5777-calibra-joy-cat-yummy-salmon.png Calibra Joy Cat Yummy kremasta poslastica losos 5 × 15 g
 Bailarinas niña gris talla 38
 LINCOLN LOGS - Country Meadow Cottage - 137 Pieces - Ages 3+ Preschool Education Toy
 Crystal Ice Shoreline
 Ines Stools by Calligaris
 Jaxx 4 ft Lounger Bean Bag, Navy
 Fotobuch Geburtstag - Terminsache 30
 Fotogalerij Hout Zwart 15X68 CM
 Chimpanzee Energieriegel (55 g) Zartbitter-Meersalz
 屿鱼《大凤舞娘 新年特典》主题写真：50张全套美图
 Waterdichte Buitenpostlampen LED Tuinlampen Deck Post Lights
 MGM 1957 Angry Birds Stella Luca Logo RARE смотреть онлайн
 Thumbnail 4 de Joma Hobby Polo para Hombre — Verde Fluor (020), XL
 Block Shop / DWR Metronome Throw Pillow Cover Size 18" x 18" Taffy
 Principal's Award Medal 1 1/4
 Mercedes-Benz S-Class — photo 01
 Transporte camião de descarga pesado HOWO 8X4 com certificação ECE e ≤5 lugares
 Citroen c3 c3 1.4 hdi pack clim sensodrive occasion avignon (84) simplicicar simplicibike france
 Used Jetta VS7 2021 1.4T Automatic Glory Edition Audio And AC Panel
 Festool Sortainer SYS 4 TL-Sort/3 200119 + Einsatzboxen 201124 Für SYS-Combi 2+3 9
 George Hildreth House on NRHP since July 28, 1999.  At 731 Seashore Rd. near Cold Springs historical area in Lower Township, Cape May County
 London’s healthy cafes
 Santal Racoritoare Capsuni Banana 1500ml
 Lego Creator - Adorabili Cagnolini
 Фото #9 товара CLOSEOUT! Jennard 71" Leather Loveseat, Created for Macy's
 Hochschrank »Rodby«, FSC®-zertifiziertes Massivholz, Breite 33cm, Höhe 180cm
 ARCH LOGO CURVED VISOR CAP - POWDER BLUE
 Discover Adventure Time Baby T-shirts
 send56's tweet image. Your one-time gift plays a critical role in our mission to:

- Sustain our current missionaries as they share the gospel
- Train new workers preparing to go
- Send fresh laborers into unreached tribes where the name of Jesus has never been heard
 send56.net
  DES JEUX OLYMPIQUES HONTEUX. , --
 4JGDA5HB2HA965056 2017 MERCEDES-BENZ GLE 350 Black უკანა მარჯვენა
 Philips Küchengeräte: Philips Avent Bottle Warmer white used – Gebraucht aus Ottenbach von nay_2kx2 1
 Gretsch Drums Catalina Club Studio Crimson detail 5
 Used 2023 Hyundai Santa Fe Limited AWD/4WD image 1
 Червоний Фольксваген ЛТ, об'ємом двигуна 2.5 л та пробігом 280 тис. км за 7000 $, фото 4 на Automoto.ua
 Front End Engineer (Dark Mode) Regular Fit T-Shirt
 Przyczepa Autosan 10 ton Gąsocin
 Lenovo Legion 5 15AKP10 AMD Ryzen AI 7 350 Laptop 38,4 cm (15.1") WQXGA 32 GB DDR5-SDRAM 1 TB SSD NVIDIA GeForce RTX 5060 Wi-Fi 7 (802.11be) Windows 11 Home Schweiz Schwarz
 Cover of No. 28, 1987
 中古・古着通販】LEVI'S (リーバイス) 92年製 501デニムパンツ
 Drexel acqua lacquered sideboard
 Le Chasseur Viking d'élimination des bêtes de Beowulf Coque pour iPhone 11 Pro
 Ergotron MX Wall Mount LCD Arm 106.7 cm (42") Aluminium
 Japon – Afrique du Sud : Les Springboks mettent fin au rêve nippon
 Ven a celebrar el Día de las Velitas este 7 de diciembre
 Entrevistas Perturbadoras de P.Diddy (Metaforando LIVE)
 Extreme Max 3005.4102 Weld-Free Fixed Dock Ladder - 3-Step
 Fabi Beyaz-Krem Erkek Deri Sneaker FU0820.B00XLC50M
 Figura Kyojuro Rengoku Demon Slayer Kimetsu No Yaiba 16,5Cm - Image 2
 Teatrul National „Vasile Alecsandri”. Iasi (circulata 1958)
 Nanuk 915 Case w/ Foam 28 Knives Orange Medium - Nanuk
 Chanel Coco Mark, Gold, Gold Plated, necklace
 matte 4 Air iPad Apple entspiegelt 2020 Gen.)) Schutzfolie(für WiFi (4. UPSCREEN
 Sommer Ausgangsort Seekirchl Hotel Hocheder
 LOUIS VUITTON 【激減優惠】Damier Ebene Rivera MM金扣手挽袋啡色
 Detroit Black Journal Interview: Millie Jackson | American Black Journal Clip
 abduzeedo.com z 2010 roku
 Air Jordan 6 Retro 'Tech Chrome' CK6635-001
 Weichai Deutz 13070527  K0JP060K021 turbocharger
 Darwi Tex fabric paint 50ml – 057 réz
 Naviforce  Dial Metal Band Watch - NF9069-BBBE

Prompt:
Read the records above. Show each line that has the string "Black".

Task solution:
 4JGDA5HB2HA965056 2017 MERCEDES-BENZ GLE 350 Black უკანა მარჯვენა
 Detroit Black Journal Interview: Millie Jackson | American Black Journal Clip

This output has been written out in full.